Eventually, Misty and I moved to the side of the falls, and I stood there, laughter still pouring through me. I cried, “I need more waterfalls in my life!”

She looked at me. Wet rocks, fringed with green, formed a backdrop behind her. She said, “You do have a waterfall.”

I knew what Misty was referencing, for we had already talked about the beauty of hardship, of pain, because of how it pushes us closer to the Healer. My husband’s brain tumor in 2014 had pushed me off the shoreline into the shallows. The tumor’s reappearance in 2017 had forced me to swim, scale rocks, and then stand right up close until I could feel the all-consuming force of Jesus’ love.

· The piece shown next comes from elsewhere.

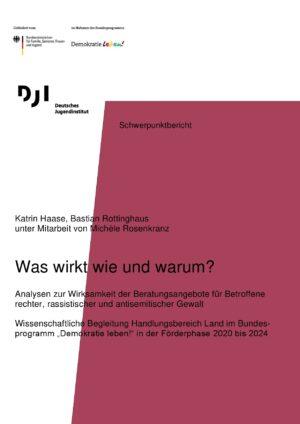 Cover von Schwerpunktbericht: Was wirkt wie und warum? Analysen zur Wirksamkeit der Beratungsangebote für Betroffene rechter, rassistischer und antisemitischer Gewalt. Wissenschaftliche Begleitung Handlungsbereich Land im Bundesprogramm "Demokratie leben!" in der Förderphase 2020 bis 2024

Hardships have a way of forcing us to go deeper, to find new intimacy with Jesus because we know it’s the only way our souls can survive. That doesn’t mean it’s easy or without danger or pain. It would be safer to remain on the shore or in the shallows instead of scaling slippery rocks or feeling the unbroken force of love.

But that’s where the life is found. In my teens, I stood on the shoreline; in my twenties, I waded in the shallows, and now—in my thirties—I want to go deeper still. Not just because of Jesus’ ability to heal, but because I want to know Him, the healer. I want to know and feel the full force of His love.

Have you ever fully experienced Jesus’ love? When did He feel the closest to you?

Comments

  • Our family has been listening to The Alliance on audio this week. What a gift you’ve given your readers through your words. Praise God for how He’s growing you, because it spills over and showers us too. Love you!